■ Task ■
What this exercise needs is every entry restated as written, with no pictures.

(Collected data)
....

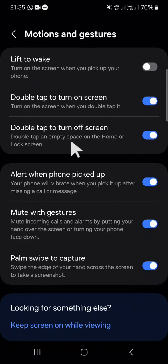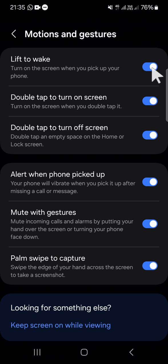Here you can activate the Lift to Wake feature — just click on the circle button to activate it. After that, if you want to turn on your screen, you just need to lift your phone and your screen will turn on. That's how you activate the Lift to Wake feature on Android 14.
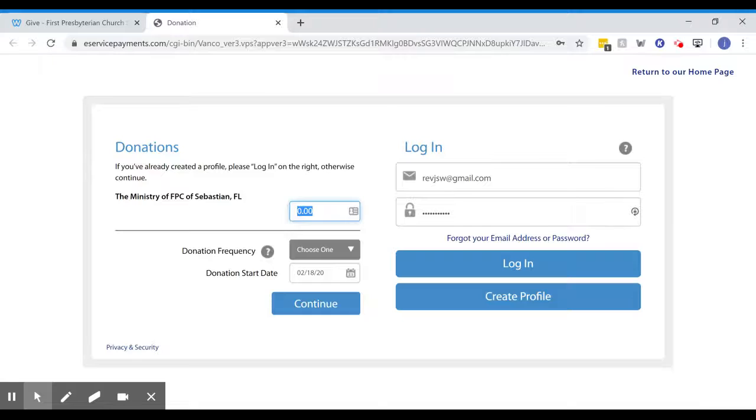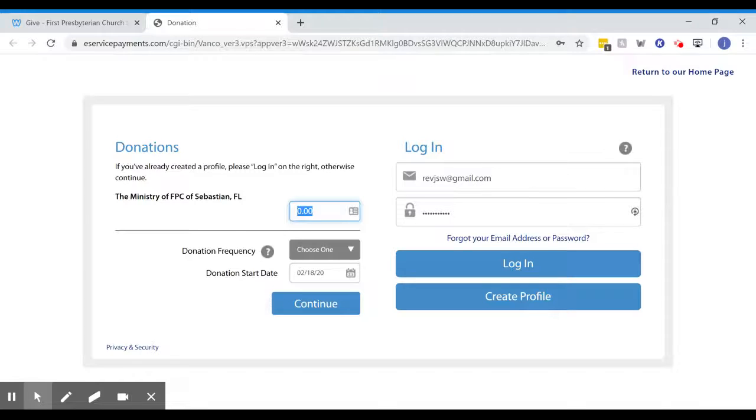This is a very easy way to keep up with your giving and your priorities of supporting First Presbyterian Church. I hope you'll explore it and find it easy. If you have any questions at all, please call the church office or call me at First Presbyterian Church of Sebastian. Thank you for watching.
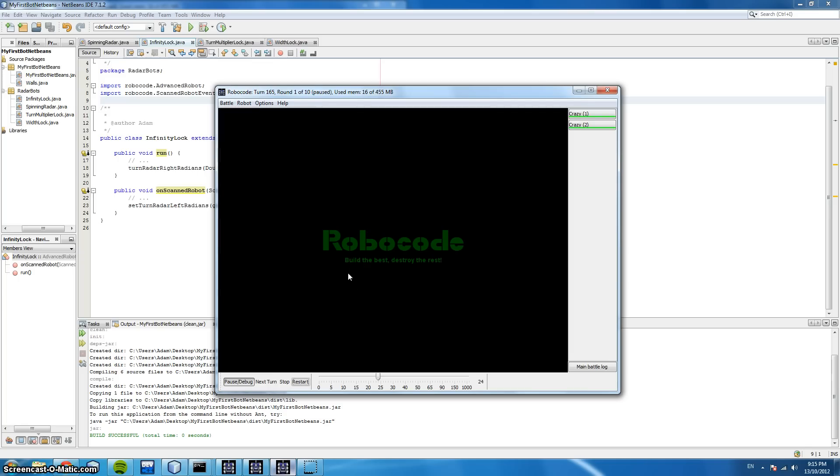Welcome back. This is part two of targeting for Robocode. We're going to be looking at perfect locks.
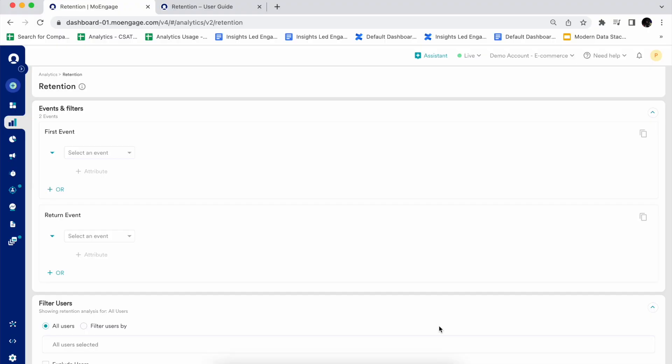Hey everyone, I'm going to walk you through the retention analysis by MoEngage. If you are a marketer, a growth hacker, or a product manager, a retention module is really important as it is essential to understand your product health with respect to your loyal customers, or to measure the effectiveness of your marketing campaigns. Let's try understanding in detail what exactly is retention analysis and where it could be used.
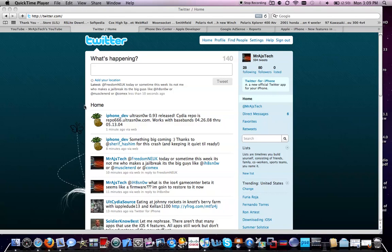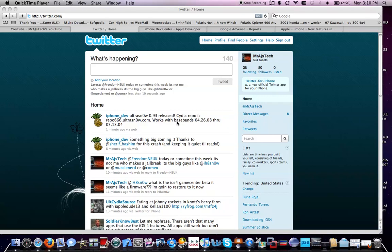I'm sorry, there's no jailbreak for the 3GS, so I can't show you exactly where this repo is and how to install it. But it is the unlock for Baseband 04.26.08 or 05.13.04, which is everything that's really out right now.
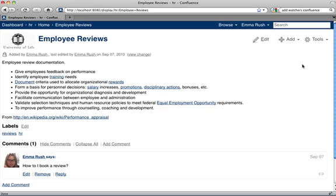It's a good idea to let the added watcher know what you've done so that they understand why they're receiving email updates on content in the wiki.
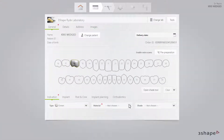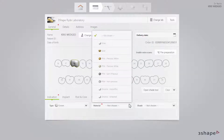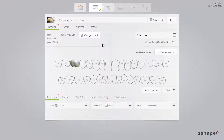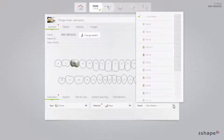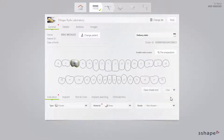Then select Material in the Material drop-down list. If you have a pre-determined shade, select it in the Shade drop-down list. Finally, set the delivery date by clicking the Delivery Date button.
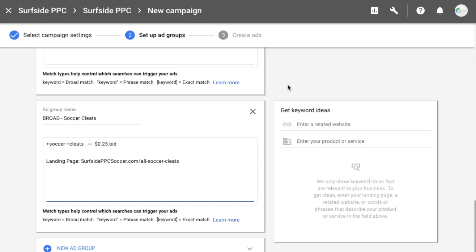To get started, you'll want to check out our previous video on keyword match types — it's in our Google AdWords tutorial playlist. If you're not familiar with keyword match types, watch that first because this tutorial will make more sense. If you're already familiar with them, I'm going to show you how I bid on keywords when I initially create my campaigns, so you can apply this strategy to your own niche.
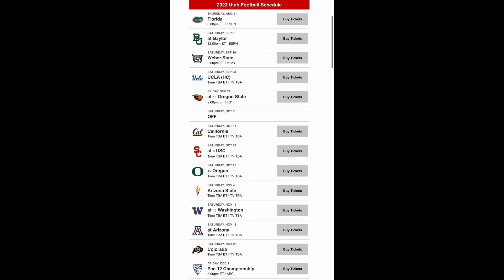Coming out of the bye week they play Cal and I think they get a win against California before going on the road to USC. Now this is going to be a tough game. You beat them last year at your house but this year you have to go to their house. They've loaded up the front seven with transfers and they have Caleb Williams back. So I have USC beating you here.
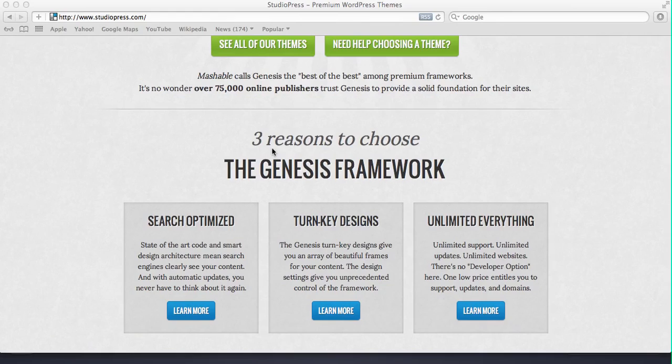It's turnkey, like click click click and your website's up and running pretty much, and it's unlimited support and unlimited updates as you can see there.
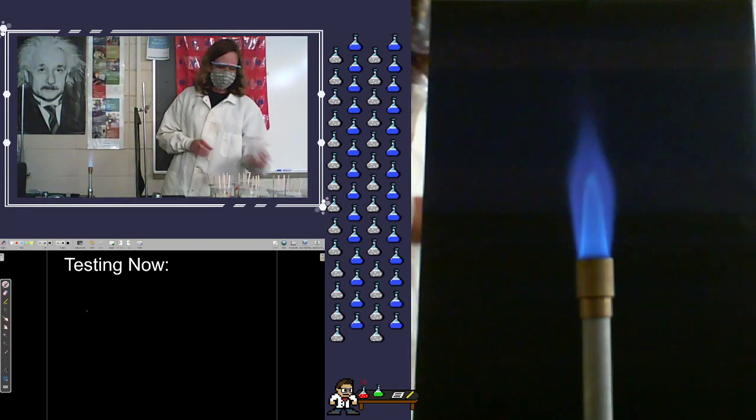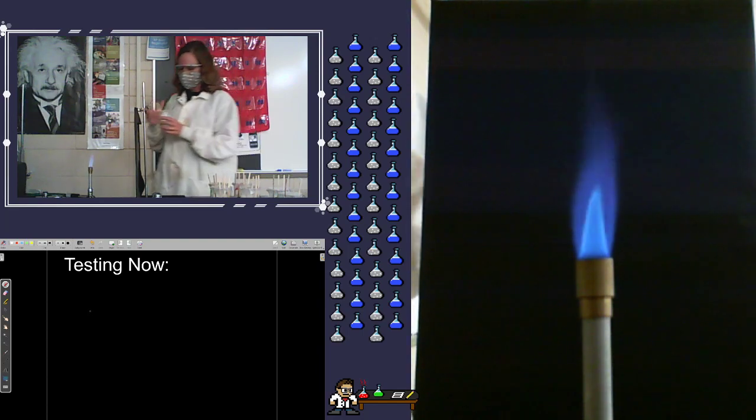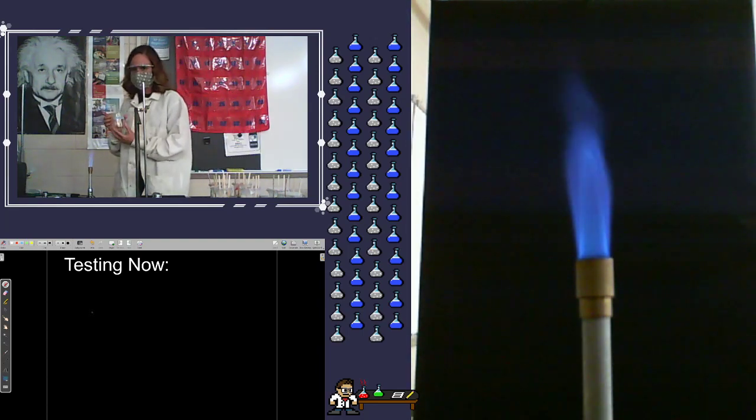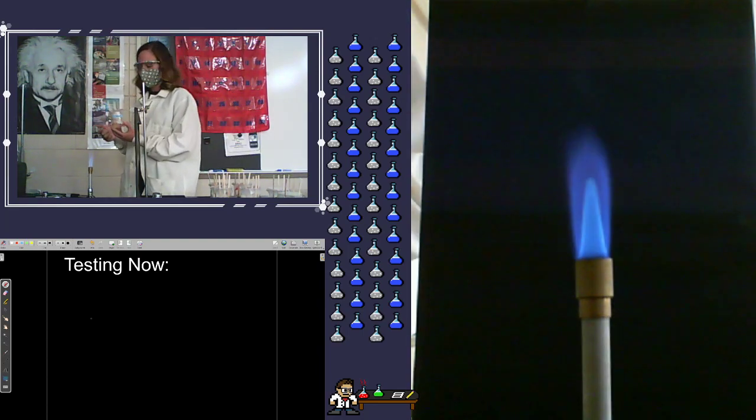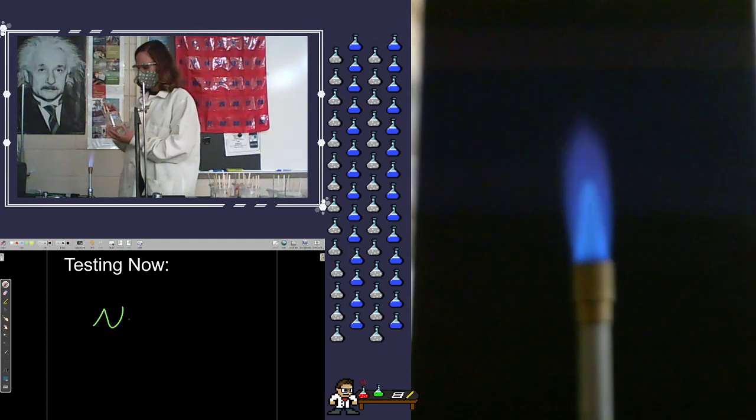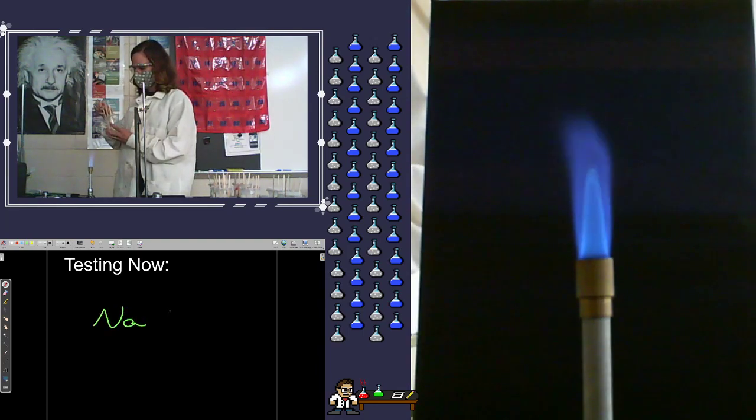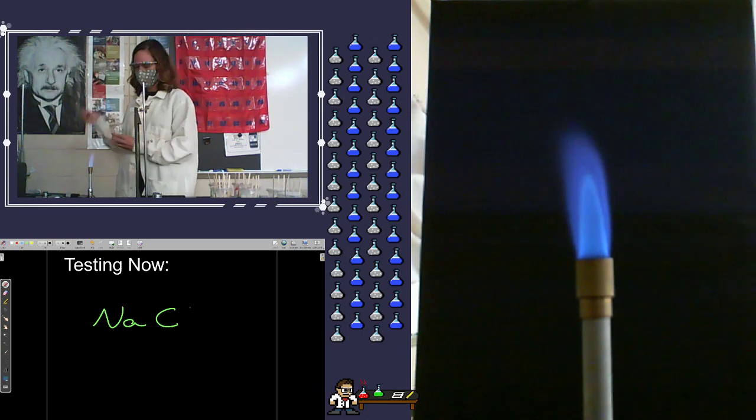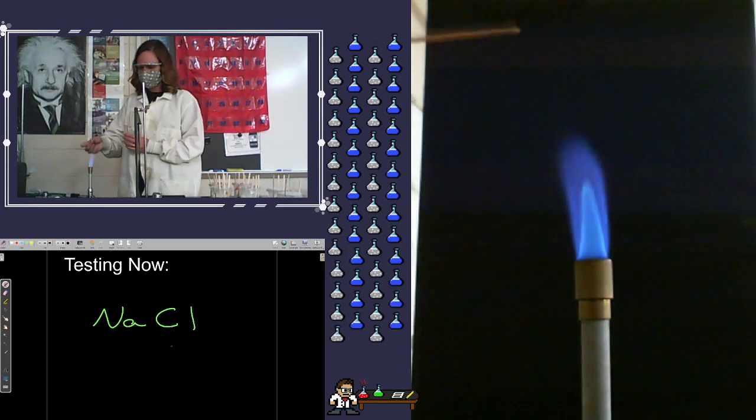Now here is a pretty common one. Here we have sodium chloride or just normal table salt. So we have a salt water solution that we've soaked these plants in.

....

■ Solution ■
Here you can activate the Lift to Wake feature — just click on the circle button to activate it. After that, if you want to turn on your screen, you just need to lift your phone and your screen will turn on. That's how you activate the Lift to Wake feature on Android 14.
This is a very easy way to keep up with your giving and your priorities of supporting First Presbyterian Church. I hope you'll explore it and find it easy. If you have any questions at all, please call the church office or call me at First Presbyterian Church of Sebastian. Thank you for watching.
Welcome back. This is part two of targeting for Robocode. We're going to be looking at perfect locks.
Hey everyone, I'm going to walk you through the retention analysis by MoEngage. If you are a marketer, a growth hacker, or a product manager, a retention module is really important as it is essential to understand your product health with respect to your loyal customers, or to measure the effectiveness of your marketing campaigns. Let's try understanding in detail what exactly is retention analysis and where it could be used.
I'm sorry, there's no jailbreak for the 3GS, so I can't show you exactly where this repo is and how to install it. But it is the unlock for Baseband 04.26.08 or 05.13.04, which is everything that's really out right now.
It's a good idea to let the added watcher know what you've done so that they understand why they're receiving email updates on content in the wiki.
Then select Material in the Material drop-down list. If you have a pre-determined shade, select it in the Shade drop-down list. Finally, set the delivery date by clicking the Delivery Date button.
To get started, you'll want to check out our previous video on keyword match types — it's in our Google AdWords tutorial playlist. If you're not familiar with keyword match types, watch that first because this tutorial will make more sense. If you're already familiar with them, I'm going to show you how I bid on keywords when I initially create my campaigns, so you can apply this strategy to your own niche.
Coming out of the bye week they play Cal and I think they get a win against California before going on the road to USC. Now this is going to be a tough game. You beat them last year at your house but this year you have to go to their house. They've loaded up the front seven with transfers and they have Caleb Williams back. So I have USC beating you here.
It's turnkey, like click click click and your website's up and running pretty much, and it's unlimited support and unlimited updates as you can see there.
Now here is a pretty common one. Here we have sodium chloride or just normal table salt. So we have a salt water solution that we've soaked these plants in.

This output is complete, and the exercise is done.